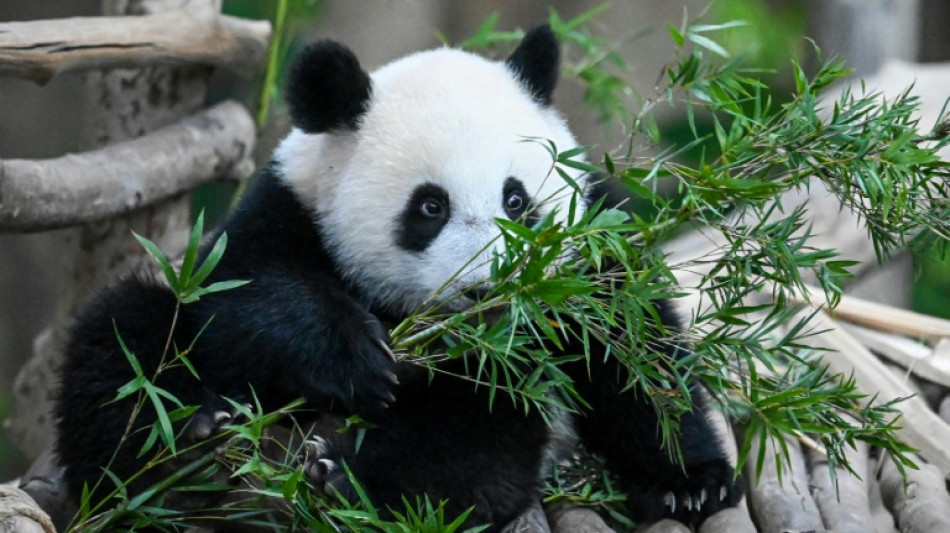 Tears as Malaysia-born panda cubs head to China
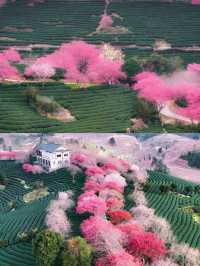 福建龍岩永福櫻花 | 夢幻仙境拍照攻略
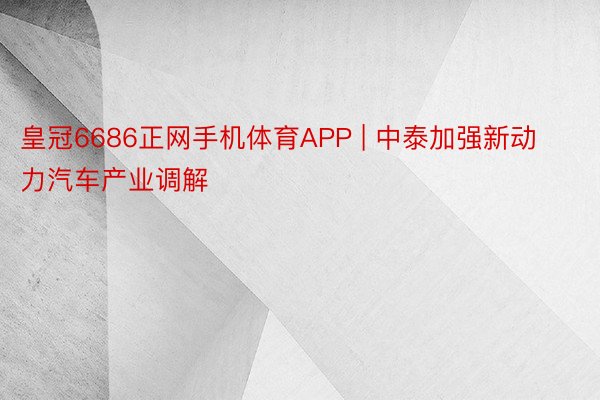 皇冠6686正网手机体育APP | 中泰加强新动力汽车产业调解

-*-*-

Problem to work on:
Everything in the listing should be repeated exactly except the pictures.

Output of the exercise:
 Tears as Malaysia-born panda cubs head to China
 福建龍岩永福櫻花 | 夢幻仙境拍照攻略
 皇冠6686正网手机体育APP | 中泰加强新动力汽车产业调解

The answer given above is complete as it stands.